Stop all containers and remove all containers, networks and storage volumes:
docker-compose down -v
How do I check the logs of a container?
Lists all running containers:
docker ps
docker ps --format "{{.Names}}" # 只打印名字
View the logs of the container named docker-swarm_dolphinscheduler-api_1:
docker logs docker-swarm_dolphinscheduler-api_1
docker logs -f docker-swarm_dolphinscheduler-api_1 # 跟随日志输出
docker logs --tail 10 docker-swarm_dolphinscheduler-api_1 # 显示倒数10行日志
How to scale master and worker with docker-compose?
Scaling master to 2 instances:
docker-compose up -d --scale dolphinscheduler-master=2 dolphinscheduler-master
Scaling worker to 3 instances:
docker-compose up -d --scale dolphinscheduler-worker=3 dolphinscheduler-worker
How to deploy DolphinScheduler on Docker Swarm?
Assuming the Docker Swarm cluster has been deployed (see create-swarm if a Docker Swarm cluster has not been created yet).
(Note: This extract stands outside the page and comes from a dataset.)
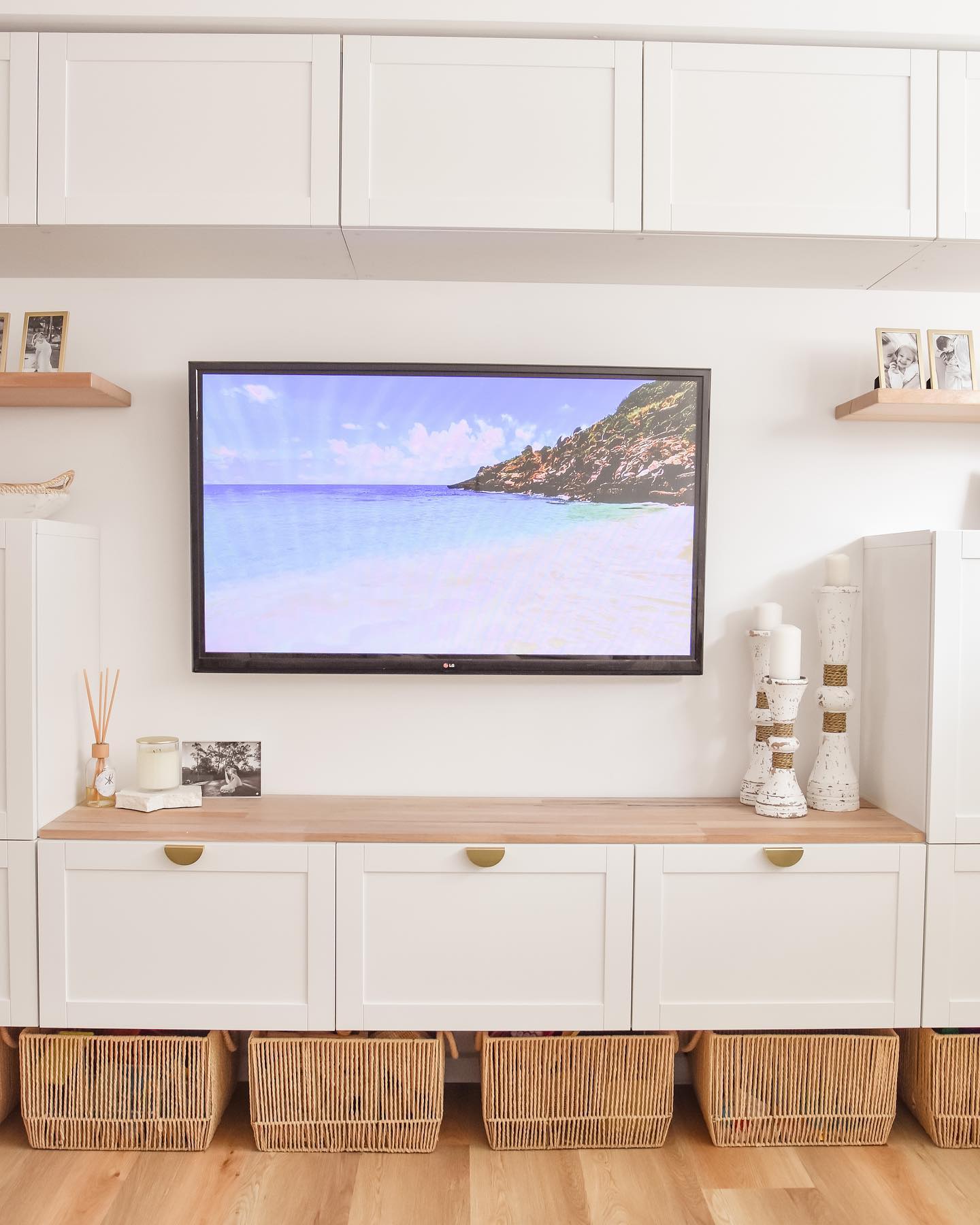 Okay, this one's calm and minimal—exactly what you want in a media room. The wood + black mix feels grounded, and the light from the side table softens everything. Bonus: the Besta hides cords like a champ.

(@thehstyled).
Start a stack called dolphinscheduler:
docker stack deploy -c docker-stack.yml dolphinscheduler
List all services of the stack named dolphinscheduler:
docker stack services dolphinscheduler
Stop and remove the stack named dolphinscheduler:
docker stack rm dolphinscheduler
Remove all storage volumes from the stack named dolphinscheduler:
docker volume rm -f $(docker volume ls --format "{{.Name}}" | grep -e "^dolphinscheduler")
How to scale up and down master and worker on Docker Swarm?
Scaling up the master of a stack named dolphinscheduler to 2 instances:
docker service scale dolphinscheduler_dolphinscheduler-master=2
Scaling up the workers of the stack named dolphinscheduler to 3 instances:
docker service scale dolphinscheduler_dolphinscheduler-worker=3
How to build a Docker image?
Build from source (requires Maven 3.3+ & JDK 1.8+)
In a Unix-like system, execute in Terminal:
$ bash ./docker/build/hooks/build
In a Windows system, execute in cmd or PowerShell:
C:\dolphinscheduler-src>.\docker\build\hooks\build.bat
If you don't understand . /docker/build/hooks/build . /docker/build/hooks/build.bat these scripts, please read the contents.
Build from binary packages (Maven 3.3+ & JDK 1.8+ not required)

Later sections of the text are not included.